Setting aside any pictures, reproduce the data exactly.

DATA EXTRACT -
════
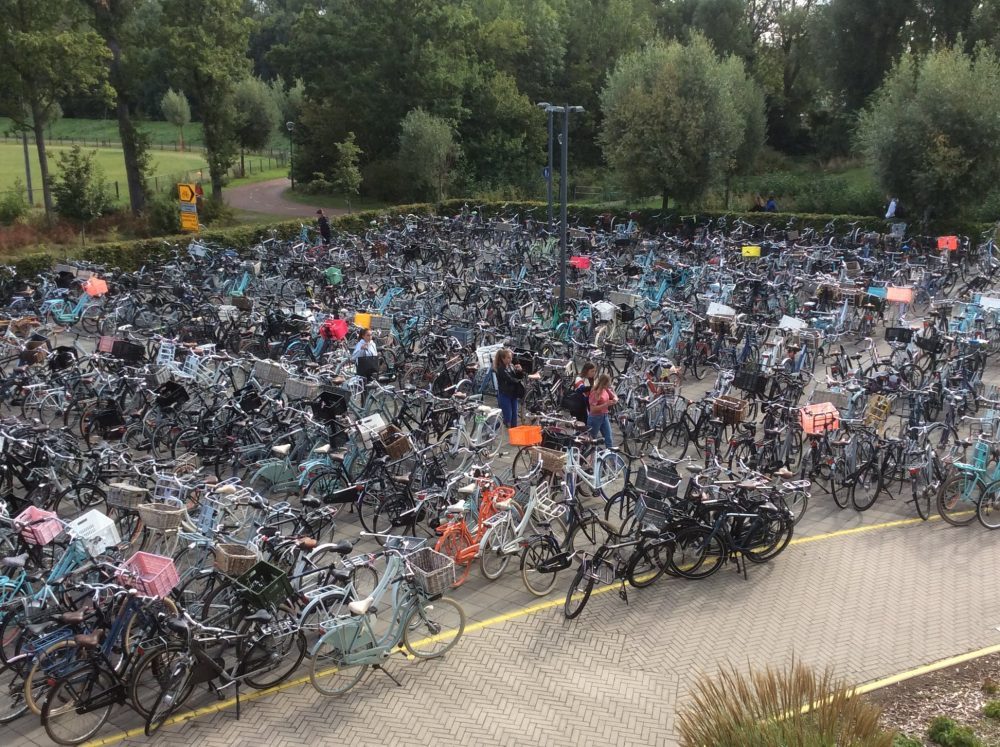 Kuvassa satoja polkupyöriä.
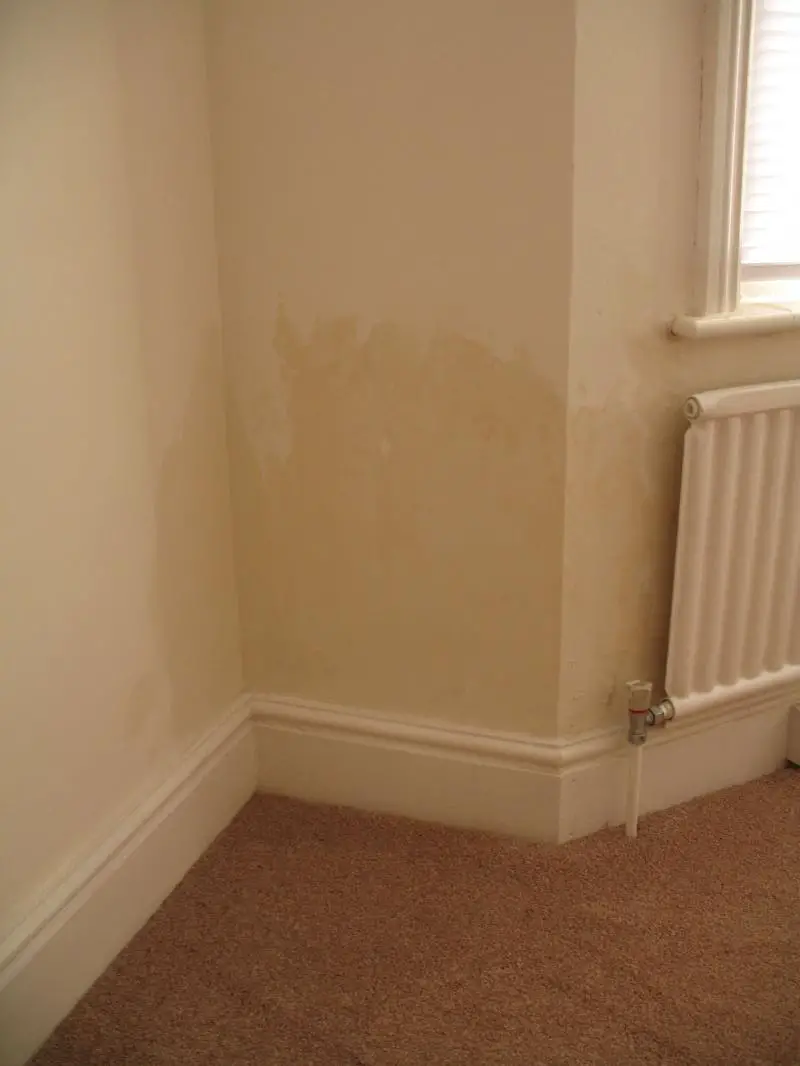 damp-wall-diynot-forums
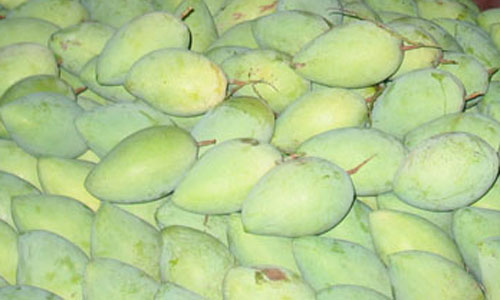 Hoa Loc mango as. Photo: HUU CHI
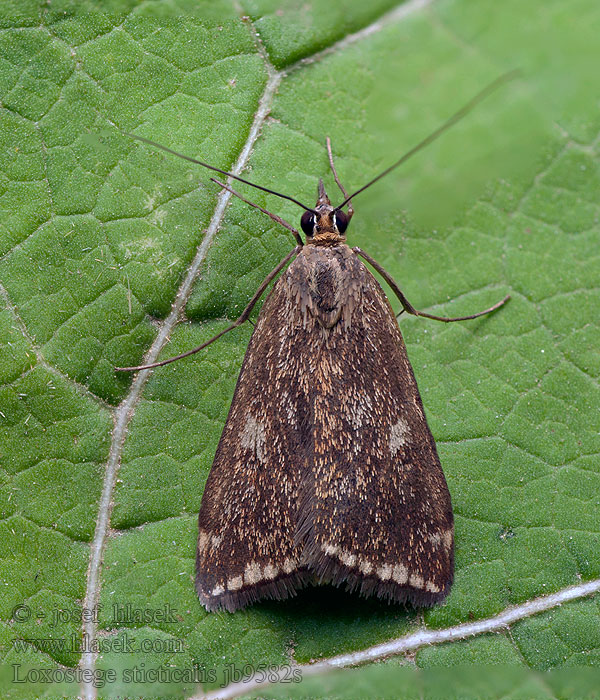 Loxostege sticticalis Zavíječ řepný Beet Webworm Vijačka repová Tisseuse betterave Muszkamoly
════
WORKED SOLUTION -
 Kuvassa satoja polkupyöriä.
 damp-wall-diynot-forums
 Hoa Loc mango as. Photo: HUU CHI
 Loxostege sticticalis Zavíječ řepný Beet Webworm Vijačka repová Tisseuse betterave Muszkamoly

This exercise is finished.